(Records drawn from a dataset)
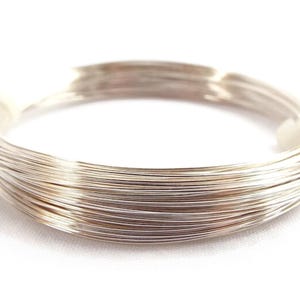 Peut inclure: Une bobine de fil de couleur argent, &eacute;troitement enroul&eacute;e et fix&eacute;e avec une bande blanche. Le fil semble fin et souple, adapt&eacute; &agrave; la fabrication de bijoux ou &agrave; l'artisanat. L'image est sur fond blanc.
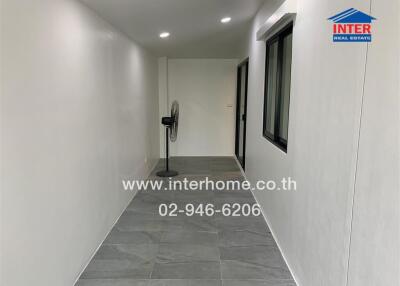 Narrow hallway with grey floor tiles and a stand fan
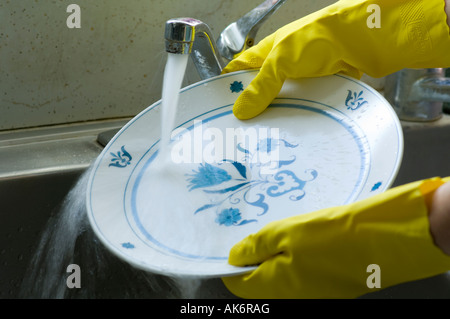 gloved hands washing dishes in kitchen sink Stock Photo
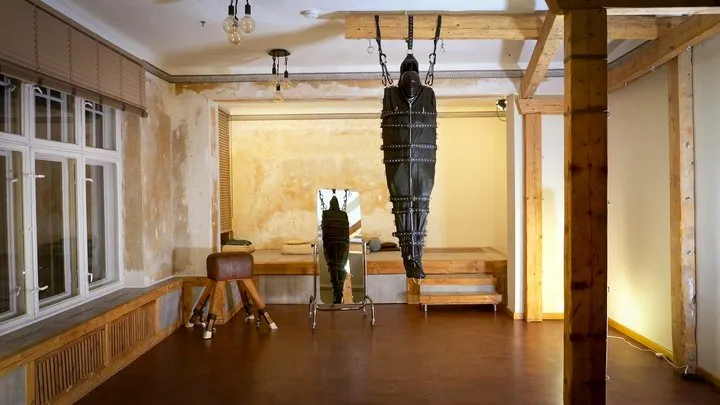 Elise Graves Bondage Liberation - Dangling in Front of Me - Heavy and Elise Graves - Heavy writhes around in a snug leather body bag and thin latex hood suspended from a tall beam as a vibrator makes them orgasm!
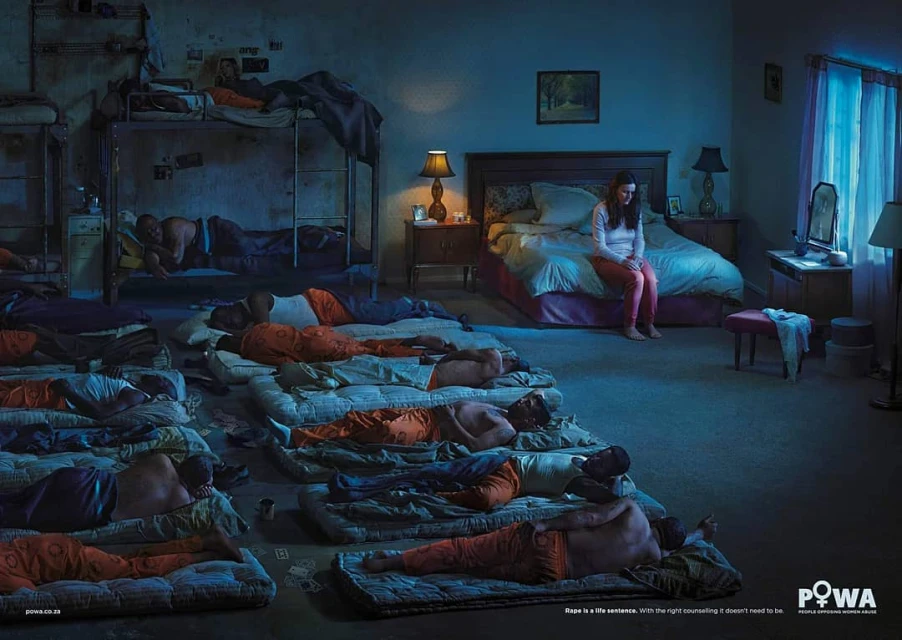 A conceptual photo with a woman sitting on a bed in a room with several men sleeping on floor mattresses and bunkbeds in dim lighting.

REQUIRED WORK:
With the pictures left out, output the lines from the one containing "Elise Graves Bondage" through the last line of the records above, exactly as they are.

TASK OUTPUT:
 Elise Graves Bondage Liberation - Dangling in Front of Me - Heavy and Elise Graves - Heavy writhes around in a snug leather body bag and thin latex hood suspended from a tall beam as a vibrator makes them orgasm!
 A conceptual photo with a woman sitting on a bed in a room with several men sleeping on floor mattresses and bunkbeds in dim lighting.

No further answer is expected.